Tyrel's Blog

Code, Flying, Tech, Automation

Jul 25, 2021

Mooney M20J checkout... Sort of

Tuesday night I emailed my instructor saying "Hey the Mooney is available Sunday afternoon, could we start getting me ready for a checkout", and he said "sure, book it", so I did. Then last night I started reading through the POH. There's a lot of neat differences. Cowl flaps, retractable landing gear, constant speed prop. I definitely wanted to start getting my complex rating. I read through that POH, and look up a lot of videos on how to work the prop. I'm used to just throttle and mixture in the Warriors, but this has throttle, manifold pressure, and mixture levers. I learned the cool parts about how the oil pressure, and springs set the propeller angle.

So I get to the airport at about 1pm, and we start talking about what I know. I explained how the undercarriage stuff works, under 132kias for lowering, and under 107kias for raising, and learned from Luke that there's two different speeds because of gravity and fighting gravity. We spend the first hour talking about why you need different manifold pressures. Then we head out to the plane and do a very comprehensive pre-check. I learned that the M20J doesn't have a trim tab, the whole tail raises and lowers on a pivot, NEAT! The flaps are suuuper wide and the ailerons are kind of thin. The landing gear was an interesting inspection because of how the poles and hinges open/close the gear.

After the pre-flight we get flying. Things are pretty similar on the ground, as the propeller lever is pushed all the way forward, and the throttle is the main control. Luke points out that the propeller is rounded, so there's an RPM range that you shouldn't idle in, (1550-1950ish), vs the squarer prop that the other Mooney had.

We take off, and one thing I check different is if I have available runway left, and when I don't, I can raise the landing gear at that point. It was pretty cloudy, so we had to climb up to 5500′, and eventually we hit 7000′ to jump over some clouds. First time really being above clouds this much, for the first hour we were over them. For the climb out he told me to set the plane to "twenty-five squared" - 2500rpm and 25in/hg.
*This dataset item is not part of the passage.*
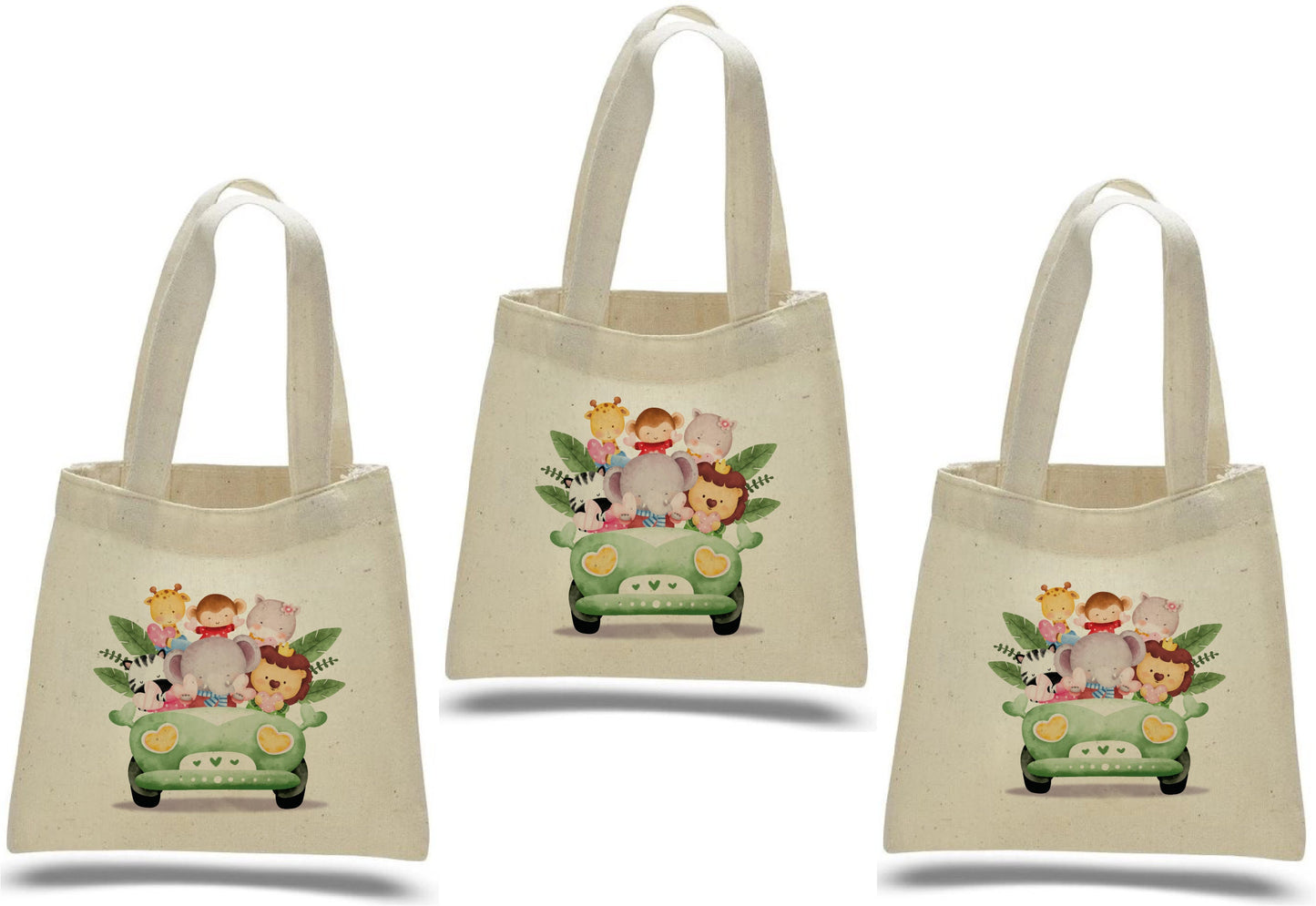 Safari Party Favor Bags, Jungle Animal Cotton Goodie Bags, Set of 3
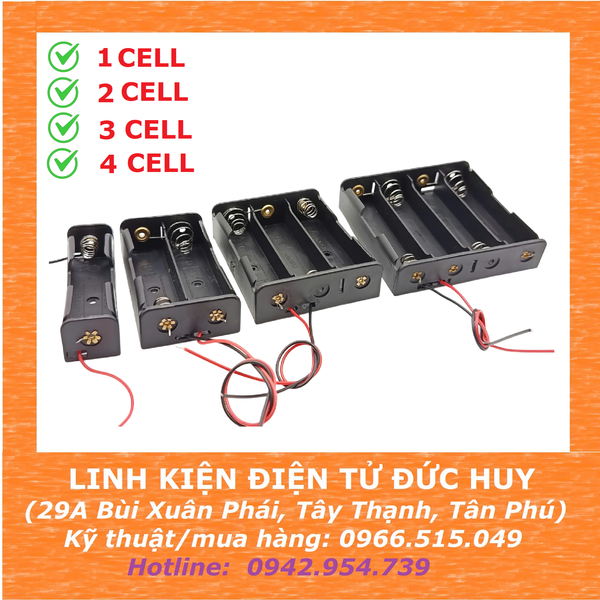 HỘP ĐẾ PIN CHỨA PIN 18650 KHÔNG CÓ NẮP ĐẬY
And every so often I would need to add more manifold pressure because of the atmosphere lapse rate while climbing.

We got up to 6000′ ish, initially and then did some straight and level flying, super smooth above the clouds today. Then we did some 30 degree turns, did a few of those okay. When we did 45 degree turns, my first left one was kind of bad - lost a lot of altitude. One to the right was okay, and then the third one to the left I kept my altitude right.

After turns we did slow flight, and it's pretty much the same controls. The power off stalls I was I guess putting in unconscious left aileron, because we kept starting to spin a little to the left, next time I fly I definitely need to practice that more.

Well we ended up going pretty far east, at one point we were like 15 miles southeast of RDU, felt uncomfortable not talking to anyone there, but I guess it was out of the normal flight path for the jets so we were fine.We ended up needing to head back to the airport for 4pm, so I put the plane in a 750fpm descent while heading back, at one point I was able to punch through the clouds at around 2500′, and we joined the traffic pattern on the 45 for downwind on 21. I landed VERY well he said. He said that people transitioning from Warriors to Mooneys land hard because the M20J is a lot lower of a plane than the PA28, so they flare early and land hard. I didn't flare early both times we landed so he said we could just end for the day. I always love when instructors say I do well with landings!

We then get back to the airport to do some payments and find out "Oh, Tyrel needs 250 hours without an instrument rating, to fly the M20J, or 150 with an instrument rating." So Oops, I guess it'll be a while before I can rent this, and get an actual check out.